Wk6, Day7: Revisiting the Refuges

I was struggling last night after struggling for a week with the increasingly frequent realizations that I know nothing. Not from a spiritual space of not-knowing or don’t-know-mind. Rather, this was more of a sub-grade freneticism of desperately wanting to know and frustratingly realizing how much I don’t know. And yet I continued to act—forging ahead without knowing. Forging ahead without knowing how much I don’t know.

Suddenly, I realize in hindsight how uninformed, and therefore how unskillful, my actions were. Perhaps more frustrating has been that I thought I was being conscientious, seeking the information I needed, and being planful before I acted. This is more than a thought; I was being conscientious and planful. And still, having done those things, there was far more that I did not know—did not even think to wonder about—before moving ahead.

I thought I was being mindful. I was, but it was limited by mindlessness. For me, it’s in the habit of pre-deciding that I’m sure of a fundamental piece of the picture.
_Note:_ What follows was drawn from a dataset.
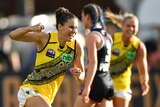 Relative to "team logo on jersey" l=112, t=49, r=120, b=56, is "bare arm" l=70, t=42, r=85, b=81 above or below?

I investigate the other pieces. But with the fundamental understanding taken for granted a priori, the conscientiousness that follows means nothing.

A small example: my cat needed shots this month. I did some research and discovered my vet has a Thursday night shot clinic. It’s walk-in, and they don’t charge exam fees. This is a great idea to encourage people to keep their pets’ shots current. I called in advance to make sure the clinic was truly happening on that day and during those hours. I found out the prices so I could be sure I had the money for it this month. I brought Amelia over in her cat carrier. Amelia’s name was called, and the vet informed me that she’s not due until March. This pre-decided, fundamental piece of the puzzle—that she’s due this month—crumbled the whole structure of my due diligence.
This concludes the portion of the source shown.